## Task to carry out
Write the records out again, precisely as they stand.

Data excerpts
• • • • •

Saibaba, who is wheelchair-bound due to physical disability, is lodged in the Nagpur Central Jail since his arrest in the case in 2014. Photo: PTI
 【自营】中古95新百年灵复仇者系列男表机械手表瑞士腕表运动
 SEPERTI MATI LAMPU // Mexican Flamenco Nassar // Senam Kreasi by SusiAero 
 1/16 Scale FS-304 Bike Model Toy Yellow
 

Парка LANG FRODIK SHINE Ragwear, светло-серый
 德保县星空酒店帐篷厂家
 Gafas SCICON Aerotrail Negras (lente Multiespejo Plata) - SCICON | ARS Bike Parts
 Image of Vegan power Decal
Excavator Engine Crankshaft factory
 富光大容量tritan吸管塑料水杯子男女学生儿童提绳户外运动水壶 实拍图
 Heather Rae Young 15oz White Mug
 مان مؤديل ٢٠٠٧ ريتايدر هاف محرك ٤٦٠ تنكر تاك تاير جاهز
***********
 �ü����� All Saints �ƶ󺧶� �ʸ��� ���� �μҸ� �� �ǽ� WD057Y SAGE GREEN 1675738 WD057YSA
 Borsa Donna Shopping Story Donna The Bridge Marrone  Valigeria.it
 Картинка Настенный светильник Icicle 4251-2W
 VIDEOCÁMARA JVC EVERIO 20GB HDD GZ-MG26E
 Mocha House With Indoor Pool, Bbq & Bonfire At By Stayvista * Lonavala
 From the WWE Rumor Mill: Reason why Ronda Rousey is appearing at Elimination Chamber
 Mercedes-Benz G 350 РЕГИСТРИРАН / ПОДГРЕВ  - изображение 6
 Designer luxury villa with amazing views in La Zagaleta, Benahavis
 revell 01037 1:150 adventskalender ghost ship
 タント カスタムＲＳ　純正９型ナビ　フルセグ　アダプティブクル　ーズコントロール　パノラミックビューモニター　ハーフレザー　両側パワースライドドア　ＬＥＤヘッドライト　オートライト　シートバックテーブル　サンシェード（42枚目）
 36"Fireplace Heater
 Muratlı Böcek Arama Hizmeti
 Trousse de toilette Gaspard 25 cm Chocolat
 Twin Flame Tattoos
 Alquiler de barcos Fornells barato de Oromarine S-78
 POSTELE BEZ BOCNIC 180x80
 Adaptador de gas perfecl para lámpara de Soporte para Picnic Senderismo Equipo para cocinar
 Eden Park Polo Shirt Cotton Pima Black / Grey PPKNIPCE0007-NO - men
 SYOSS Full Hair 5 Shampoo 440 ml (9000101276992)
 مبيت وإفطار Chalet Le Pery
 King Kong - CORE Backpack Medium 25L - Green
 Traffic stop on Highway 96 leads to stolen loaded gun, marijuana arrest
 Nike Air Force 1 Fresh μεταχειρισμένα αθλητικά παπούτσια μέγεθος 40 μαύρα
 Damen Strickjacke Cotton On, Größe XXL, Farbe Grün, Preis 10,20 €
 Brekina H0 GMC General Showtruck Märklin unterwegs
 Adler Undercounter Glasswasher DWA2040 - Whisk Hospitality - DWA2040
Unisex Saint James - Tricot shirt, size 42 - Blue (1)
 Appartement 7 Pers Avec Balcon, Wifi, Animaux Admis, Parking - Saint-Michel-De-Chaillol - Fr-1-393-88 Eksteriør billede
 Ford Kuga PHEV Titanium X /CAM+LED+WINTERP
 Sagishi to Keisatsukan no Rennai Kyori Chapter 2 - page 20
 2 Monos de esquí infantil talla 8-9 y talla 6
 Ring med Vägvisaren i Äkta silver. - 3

• • • • •

## Answer to this problem
Saibaba, who is wheelchair-bound due to physical disability, is lodged in the Nagpur Central Jail since his arrest in the case in 2014. Photo: PTI
 【自营】中古95新百年灵复仇者系列男表机械手表瑞士腕表运动
 SEPERTI MATI LAMPU // Mexican Flamenco Nassar // Senam Kreasi by SusiAero 
 1/16 Scale FS-304 Bike Model Toy Yellow
 

Парка LANG FRODIK SHINE Ragwear, светло-серый
 德保县星空酒店帐篷厂家
 Gafas SCICON Aerotrail Negras (lente Multiespejo Plata) - SCICON | ARS Bike Parts
 Image of Vegan power Decal
Excavator Engine Crankshaft factory
 富光大容量tritan吸管塑料水杯子男女学生儿童提绳户外运动水壶 实拍图
 Heather Rae Young 15oz White Mug
 مان مؤديل ٢٠٠٧ ريتايدر هاف محرك ٤٦٠ تنكر تاك تاير جاهز
***********
 �ü����� All Saints �ƶ󺧶� �ʸ��� ���� �μҸ� �� �ǽ� WD057Y SAGE GREEN 1675738 WD057YSA
 Borsa Donna Shopping Story Donna The Bridge Marrone  Valigeria.it
 Картинка Настенный светильник Icicle 4251-2W
 VIDEOCÁMARA JVC EVERIO 20GB HDD GZ-MG26E
 Mocha House With Indoor Pool, Bbq & Bonfire At By Stayvista * Lonavala
 From the WWE Rumor Mill: Reason why Ronda Rousey is appearing at Elimination Chamber
 Mercedes-Benz G 350 РЕГИСТРИРАН / ПОДГРЕВ  - изображение 6
 Designer luxury villa with amazing views in La Zagaleta, Benahavis
 revell 01037 1:150 adventskalender ghost ship
 タント カスタムＲＳ　純正９型ナビ　フルセグ　アダプティブクル　ーズコントロール　パノラミックビューモニター　ハーフレザー　両側パワースライドドア　ＬＥＤヘッドライト　オートライト　シートバックテーブル　サンシェード（42枚目）
 36"Fireplace Heater
 Muratlı Böcek Arama Hizmeti
 Trousse de toilette Gaspard 25 cm Chocolat
 Twin Flame Tattoos
 Alquiler de barcos Fornells barato de Oromarine S-78
 POSTELE BEZ BOCNIC 180x80
 Adaptador de gas perfecl para lámpara de Soporte para Picnic Senderismo Equipo para cocinar
 Eden Park Polo Shirt Cotton Pima Black / Grey PPKNIPCE0007-NO - men
 SYOSS Full Hair 5 Shampoo 440 ml (9000101276992)
 مبيت وإفطار Chalet Le Pery
 King Kong - CORE Backpack Medium 25L - Green
 Traffic stop on Highway 96 leads to stolen loaded gun, marijuana arrest
 Nike Air Force 1 Fresh μεταχειρισμένα αθλητικά παπούτσια μέγεθος 40 μαύρα
 Damen Strickjacke Cotton On, Größe XXL, Farbe Grün, Preis 10,20 €
 Brekina H0 GMC General Showtruck Märklin unterwegs
 Adler Undercounter Glasswasher DWA2040 - Whisk Hospitality - DWA2040
Unisex Saint James - Tricot shirt, size 42 - Blue (1)
 Appartement 7 Pers Avec Balcon, Wifi, Animaux Admis, Parking - Saint-Michel-De-Chaillol - Fr-1-393-88 Eksteriør billede
 Ford Kuga PHEV Titanium X /CAM+LED+WINTERP
 Sagishi to Keisatsukan no Rennai Kyori Chapter 2 - page 20
 2 Monos de esquí infantil talla 8-9 y talla 6
 Ring med Vägvisaren i Äkta silver. - 3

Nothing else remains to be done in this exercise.